Germany consistently ranks as one of the top 20 countries in the world in terms of safety. Still, one of my favorite sayings in the travel community is ‘Every place is safe. Every place is dangerous’. Simply stated, you can find danger in even the safest of places, so it’s always wise to trust your judgement and remove yourself from situations that feel unsafe.
It’s also wise to be aware of the most common scams in Germany, as it is a popular tourist destination and there are always people who will take advantage of tourists. Also, I never accept unsolicited help when traveling.
money saving tips
While Germany certainly isn’t the most expensive country out there, it’s definitely not the cheapest, either. Still, you can still find a couple of ways to save a bit during your travels in Germany.

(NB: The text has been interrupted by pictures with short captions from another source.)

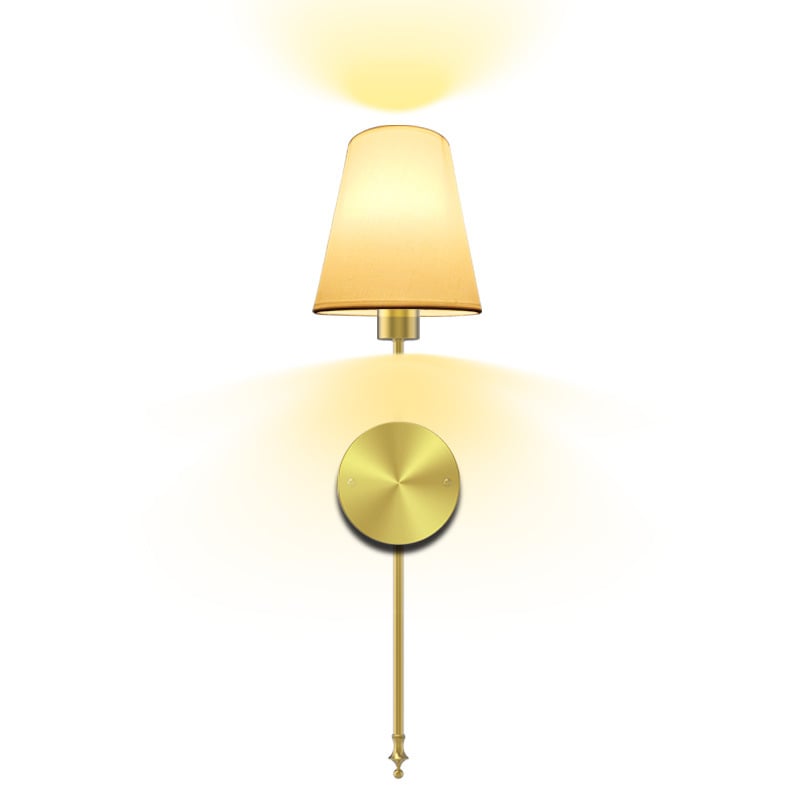 Abajur din stofă auriu LED, lampă de perete, fără cablare, reglabilă, pentru hoteluri și holuri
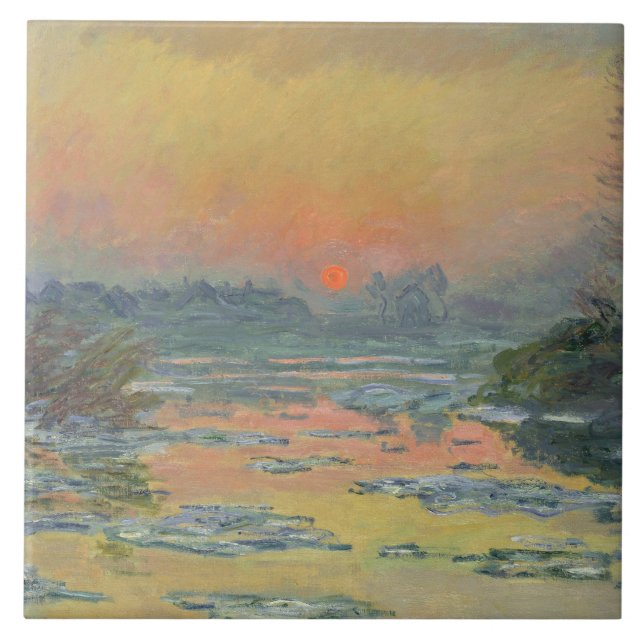 Azulejo De Cerâmica Pôr do sol do rio Sena no inverno (Claude Monet) (Frente)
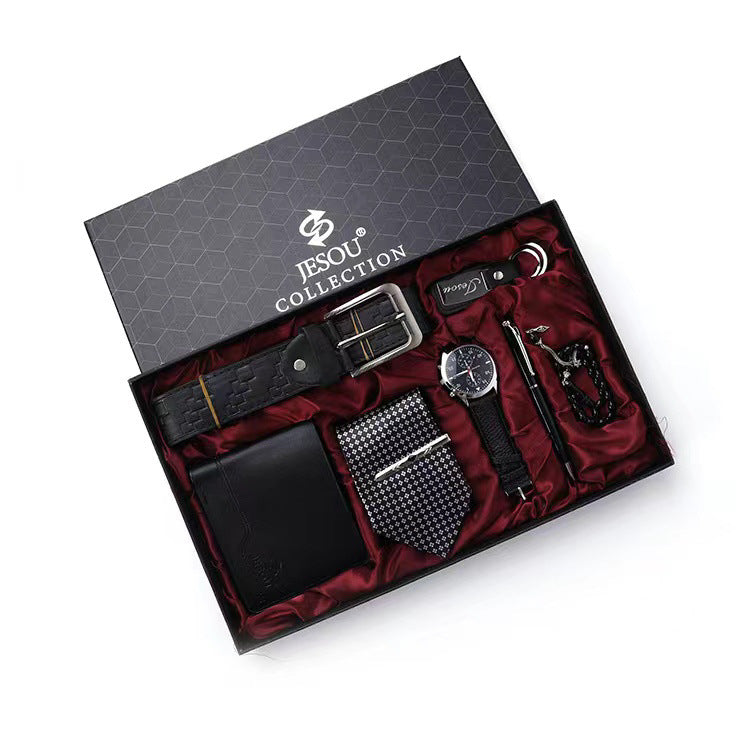 Men&#39;s Gift Suit Exquisite Packaging Watch Belt Tie Wallet Simple Combination Suit AliFinds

Keep an eye out for trade fairs and exhibitions if traveling to a city that commonly hosts them, such as Frankfurt or Leipzig. Accommodation will be much more expensive during these events (and scarce).
As popular as it is, if you don’t have an interest in Oktoberfest, it’s best to steer clear of Munich during this time. Everything will be more expensive – that being said, it’s totally worth it and an a super-fun thing to experience, if it’s up your alley.
If you’re taking the train in Germany, book your ICE tickets as far in advance as possible to save. And book them directly from the site – no need for third party fees.
Eat out for lunch and stay in for dinner, as many times lunch menus will be less expensive. If you’re in a major city, stay away from restaurants on the main roads. Opt instead for places on side streets. A general rule of thumb I have is not to eat at places that have pictures of the food outside – these are generally tourist traps and prices are super-inflated.
Purchase city passes if you plan on hitting a lot of tourist sites.
Search on Pinterest: ‘Free Things To Do In….’ There are a ton of great resources out there from travel bloggers, and Pinterest is where you want to search.
Take a free walking tour or self-guided walking tour.
covid resources for germany
Before making any travel reservations, be sure to check the COVID restrictions currently implemented in Germany. Be aware that things are subject to change with no notice and that most travel insurance companies do not cover COVID-19 for cancellations or treatment. Travel safely, wear a mask, socially distance, and follow all local regulations.